How severe does this issue affect your experience of using Ray?
- High: It blocks me to complete my task.
Hi Ray community!
Background:
-
I am training an XGBoost model using XGBoostTrainer. I’m fairly familiar with XGBoost (including the ray_xgboost library, and less so with XGBoostTrainer. Also very new to Ray Dataset)
-
In my loss function, I need access to a “per-row” weight.
-
Since I pass in data as a Ray Dataset, I need a way to access each actor’s shard’s indices of the data in the Ray Dataset.
-
I’m on Ray 2.7, and it’d be quite painful to upgrade…
Code Sample:
from ray.train import ScalingConfig
from ray.train.xgboost import XGBoostTrainer
import numpy as np
import xgboost as xgb
from typing import Tuple
ray_ds = ray.data.from_pandas_refs(objectstore_refs)
ray_ds = ray_ds.select_columns(XCOLS + [wcol] + ['y'])
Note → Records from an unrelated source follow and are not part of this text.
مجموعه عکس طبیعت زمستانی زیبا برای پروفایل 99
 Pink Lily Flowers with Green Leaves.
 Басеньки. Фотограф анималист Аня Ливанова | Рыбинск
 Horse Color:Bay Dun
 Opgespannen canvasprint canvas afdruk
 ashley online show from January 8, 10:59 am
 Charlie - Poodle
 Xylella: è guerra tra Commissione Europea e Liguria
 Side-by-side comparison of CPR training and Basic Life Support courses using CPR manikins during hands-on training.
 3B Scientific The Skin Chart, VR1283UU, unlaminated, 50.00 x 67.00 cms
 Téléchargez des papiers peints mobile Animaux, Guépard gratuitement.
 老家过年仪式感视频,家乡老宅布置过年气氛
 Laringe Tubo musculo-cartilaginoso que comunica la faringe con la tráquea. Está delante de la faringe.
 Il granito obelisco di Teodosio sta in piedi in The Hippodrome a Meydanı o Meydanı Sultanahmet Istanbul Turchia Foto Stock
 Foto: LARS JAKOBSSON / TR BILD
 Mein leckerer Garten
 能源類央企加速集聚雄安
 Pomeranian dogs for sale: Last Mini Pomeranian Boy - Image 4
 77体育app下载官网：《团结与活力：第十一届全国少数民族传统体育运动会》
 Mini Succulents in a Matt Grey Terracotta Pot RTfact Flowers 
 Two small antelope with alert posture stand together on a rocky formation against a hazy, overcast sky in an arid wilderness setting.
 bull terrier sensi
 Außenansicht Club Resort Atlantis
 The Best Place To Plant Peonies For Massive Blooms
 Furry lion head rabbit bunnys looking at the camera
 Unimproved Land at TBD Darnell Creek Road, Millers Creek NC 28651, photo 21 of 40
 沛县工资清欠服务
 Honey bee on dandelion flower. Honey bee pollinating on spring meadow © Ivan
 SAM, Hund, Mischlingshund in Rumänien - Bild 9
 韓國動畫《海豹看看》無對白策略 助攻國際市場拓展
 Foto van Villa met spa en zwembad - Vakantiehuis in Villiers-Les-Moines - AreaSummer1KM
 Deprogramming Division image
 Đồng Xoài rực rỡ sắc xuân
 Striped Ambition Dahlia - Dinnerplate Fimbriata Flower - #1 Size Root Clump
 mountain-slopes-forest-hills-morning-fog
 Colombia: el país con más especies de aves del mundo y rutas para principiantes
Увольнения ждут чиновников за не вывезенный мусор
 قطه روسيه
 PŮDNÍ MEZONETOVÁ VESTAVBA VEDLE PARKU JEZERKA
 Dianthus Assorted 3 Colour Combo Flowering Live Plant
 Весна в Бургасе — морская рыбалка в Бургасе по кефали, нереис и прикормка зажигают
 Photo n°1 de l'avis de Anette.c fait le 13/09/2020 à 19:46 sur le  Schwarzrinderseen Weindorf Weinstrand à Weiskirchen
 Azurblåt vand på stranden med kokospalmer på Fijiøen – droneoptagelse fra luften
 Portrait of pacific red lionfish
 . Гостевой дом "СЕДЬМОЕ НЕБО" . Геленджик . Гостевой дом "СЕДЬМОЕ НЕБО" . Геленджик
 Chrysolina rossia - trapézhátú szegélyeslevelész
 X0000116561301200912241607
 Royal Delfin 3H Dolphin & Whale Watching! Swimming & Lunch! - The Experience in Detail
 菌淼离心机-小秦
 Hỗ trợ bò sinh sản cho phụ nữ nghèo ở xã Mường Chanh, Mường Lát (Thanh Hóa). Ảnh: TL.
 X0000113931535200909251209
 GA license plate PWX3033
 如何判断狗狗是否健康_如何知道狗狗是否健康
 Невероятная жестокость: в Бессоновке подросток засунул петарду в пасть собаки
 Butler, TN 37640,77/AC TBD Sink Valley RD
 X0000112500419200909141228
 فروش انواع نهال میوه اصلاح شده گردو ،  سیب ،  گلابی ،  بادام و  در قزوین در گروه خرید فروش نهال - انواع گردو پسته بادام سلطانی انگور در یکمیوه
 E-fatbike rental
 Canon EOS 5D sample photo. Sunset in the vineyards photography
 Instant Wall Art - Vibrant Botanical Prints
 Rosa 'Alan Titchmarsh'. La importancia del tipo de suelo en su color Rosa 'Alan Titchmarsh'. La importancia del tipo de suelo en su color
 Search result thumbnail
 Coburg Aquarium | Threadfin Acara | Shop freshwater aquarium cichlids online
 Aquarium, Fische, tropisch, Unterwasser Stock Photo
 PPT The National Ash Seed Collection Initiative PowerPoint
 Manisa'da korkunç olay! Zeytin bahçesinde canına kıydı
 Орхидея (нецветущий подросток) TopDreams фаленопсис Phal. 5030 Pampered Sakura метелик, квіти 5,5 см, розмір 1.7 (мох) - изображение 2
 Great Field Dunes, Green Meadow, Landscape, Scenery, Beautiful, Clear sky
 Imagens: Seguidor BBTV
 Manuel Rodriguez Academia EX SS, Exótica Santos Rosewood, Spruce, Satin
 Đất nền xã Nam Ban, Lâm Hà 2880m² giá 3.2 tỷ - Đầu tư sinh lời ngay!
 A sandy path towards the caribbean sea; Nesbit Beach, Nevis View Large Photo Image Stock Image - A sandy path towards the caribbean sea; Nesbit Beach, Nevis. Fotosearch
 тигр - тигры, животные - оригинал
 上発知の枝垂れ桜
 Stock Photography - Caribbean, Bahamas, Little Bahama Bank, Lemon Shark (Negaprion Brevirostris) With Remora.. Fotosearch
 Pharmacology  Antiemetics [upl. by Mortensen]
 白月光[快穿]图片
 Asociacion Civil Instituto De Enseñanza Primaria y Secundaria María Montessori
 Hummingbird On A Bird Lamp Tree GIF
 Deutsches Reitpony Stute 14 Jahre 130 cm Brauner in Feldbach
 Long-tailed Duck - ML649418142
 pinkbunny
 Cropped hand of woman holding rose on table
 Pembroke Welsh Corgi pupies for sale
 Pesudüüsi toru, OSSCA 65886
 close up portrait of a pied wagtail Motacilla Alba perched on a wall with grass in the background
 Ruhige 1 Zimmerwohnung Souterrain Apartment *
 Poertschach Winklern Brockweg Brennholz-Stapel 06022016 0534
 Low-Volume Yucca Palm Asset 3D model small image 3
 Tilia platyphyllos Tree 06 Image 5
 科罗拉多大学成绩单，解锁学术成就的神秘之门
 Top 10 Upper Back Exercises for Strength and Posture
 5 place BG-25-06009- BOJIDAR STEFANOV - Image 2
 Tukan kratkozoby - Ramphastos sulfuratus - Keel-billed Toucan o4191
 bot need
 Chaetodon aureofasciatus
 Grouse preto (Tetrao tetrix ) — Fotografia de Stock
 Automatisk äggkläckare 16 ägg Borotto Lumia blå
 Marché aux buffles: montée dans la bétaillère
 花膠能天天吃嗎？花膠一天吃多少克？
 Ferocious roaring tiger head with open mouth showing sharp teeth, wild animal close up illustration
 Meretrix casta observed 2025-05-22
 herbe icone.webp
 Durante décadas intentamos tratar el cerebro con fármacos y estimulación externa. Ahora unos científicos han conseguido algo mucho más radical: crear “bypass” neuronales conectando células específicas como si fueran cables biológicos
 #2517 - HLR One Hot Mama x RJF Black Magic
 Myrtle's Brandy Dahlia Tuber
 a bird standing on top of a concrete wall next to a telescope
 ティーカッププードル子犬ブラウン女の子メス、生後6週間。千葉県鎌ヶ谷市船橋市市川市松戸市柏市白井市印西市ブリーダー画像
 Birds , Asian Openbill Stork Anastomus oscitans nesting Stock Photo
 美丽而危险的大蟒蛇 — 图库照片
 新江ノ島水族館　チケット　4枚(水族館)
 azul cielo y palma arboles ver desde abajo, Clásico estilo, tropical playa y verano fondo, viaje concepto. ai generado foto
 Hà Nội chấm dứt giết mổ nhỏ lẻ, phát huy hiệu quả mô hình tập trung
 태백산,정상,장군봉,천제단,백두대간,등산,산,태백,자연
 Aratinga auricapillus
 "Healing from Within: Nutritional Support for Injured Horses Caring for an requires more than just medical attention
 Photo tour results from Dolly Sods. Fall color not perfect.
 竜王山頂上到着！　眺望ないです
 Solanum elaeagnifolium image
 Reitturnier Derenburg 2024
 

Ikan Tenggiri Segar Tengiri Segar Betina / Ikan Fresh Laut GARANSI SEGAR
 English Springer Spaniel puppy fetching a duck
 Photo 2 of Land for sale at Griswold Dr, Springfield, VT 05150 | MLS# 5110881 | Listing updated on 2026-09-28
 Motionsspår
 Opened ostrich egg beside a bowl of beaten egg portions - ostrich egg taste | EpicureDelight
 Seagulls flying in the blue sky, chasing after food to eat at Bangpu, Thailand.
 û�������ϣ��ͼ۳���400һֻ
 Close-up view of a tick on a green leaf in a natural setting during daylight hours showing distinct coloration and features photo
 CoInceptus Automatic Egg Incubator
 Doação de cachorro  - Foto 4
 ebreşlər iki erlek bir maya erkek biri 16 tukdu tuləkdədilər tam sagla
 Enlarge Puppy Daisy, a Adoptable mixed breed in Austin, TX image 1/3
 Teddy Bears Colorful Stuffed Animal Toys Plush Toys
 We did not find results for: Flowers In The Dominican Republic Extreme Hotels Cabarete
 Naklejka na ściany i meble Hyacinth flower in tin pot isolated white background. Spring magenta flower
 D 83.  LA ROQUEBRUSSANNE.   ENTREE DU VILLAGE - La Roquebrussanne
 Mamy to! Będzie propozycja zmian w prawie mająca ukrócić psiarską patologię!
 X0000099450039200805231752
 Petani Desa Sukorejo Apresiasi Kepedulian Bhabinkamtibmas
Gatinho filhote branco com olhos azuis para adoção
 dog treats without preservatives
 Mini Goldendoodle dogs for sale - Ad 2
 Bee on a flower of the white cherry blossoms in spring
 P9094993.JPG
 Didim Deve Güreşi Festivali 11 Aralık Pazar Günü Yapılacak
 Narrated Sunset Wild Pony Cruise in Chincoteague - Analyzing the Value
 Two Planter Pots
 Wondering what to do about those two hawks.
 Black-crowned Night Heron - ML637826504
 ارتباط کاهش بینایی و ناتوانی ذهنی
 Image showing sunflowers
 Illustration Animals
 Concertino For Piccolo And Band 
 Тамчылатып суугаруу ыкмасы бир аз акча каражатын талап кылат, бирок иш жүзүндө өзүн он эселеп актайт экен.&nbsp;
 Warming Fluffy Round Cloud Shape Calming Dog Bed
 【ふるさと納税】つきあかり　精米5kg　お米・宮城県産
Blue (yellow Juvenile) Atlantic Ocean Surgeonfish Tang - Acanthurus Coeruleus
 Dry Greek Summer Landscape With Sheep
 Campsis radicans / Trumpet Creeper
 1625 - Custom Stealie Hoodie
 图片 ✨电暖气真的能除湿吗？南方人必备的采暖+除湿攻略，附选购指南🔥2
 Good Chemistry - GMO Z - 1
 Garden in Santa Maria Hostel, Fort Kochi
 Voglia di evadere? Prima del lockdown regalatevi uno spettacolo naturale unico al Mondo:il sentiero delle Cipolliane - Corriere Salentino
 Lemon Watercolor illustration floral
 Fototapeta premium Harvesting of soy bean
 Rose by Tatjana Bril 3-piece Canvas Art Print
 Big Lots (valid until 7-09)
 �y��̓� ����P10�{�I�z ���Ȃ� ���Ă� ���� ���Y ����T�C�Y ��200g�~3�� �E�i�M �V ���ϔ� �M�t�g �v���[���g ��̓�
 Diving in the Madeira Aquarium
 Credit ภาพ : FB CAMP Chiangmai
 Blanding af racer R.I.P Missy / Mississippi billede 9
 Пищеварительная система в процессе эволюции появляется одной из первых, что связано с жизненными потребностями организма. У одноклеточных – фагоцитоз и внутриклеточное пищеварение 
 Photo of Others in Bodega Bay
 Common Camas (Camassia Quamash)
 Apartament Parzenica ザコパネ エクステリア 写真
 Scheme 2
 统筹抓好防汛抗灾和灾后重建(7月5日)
def loss(predt: np.ndarray,
dtrain: xgb.DMatrix) -> Tuple[np.ndarray, np.ndarray]:
grad = grad * grad_weights
hess = hess
return grad, hess
trainer = XGBoostTrainer(
scaling_config=ScalingConfig(
num_workers=2,
use_gpu=False,
resources_per_worker = {'CPU': 8},
),
label_column='y',
num_boost_round=20,
params={
"objective": "reg:squarederror",
"eval_metric": ["rmse"],
},
datasets={"train": ray_ds},
obj=loss,
)
result = trainer.fit()
print(result.metrics)
How I’d love this to work:
- In the
xgboost_ray
project, there is a private method called_get_sharding_indices
, which can be used to identify which data is located onto which actor. - In my
loss
function, I’d love to pre-load data per-shard, and then return the correctgrad_weights
as a function of which actor is calling.
Thank you so much in advance for any and all help!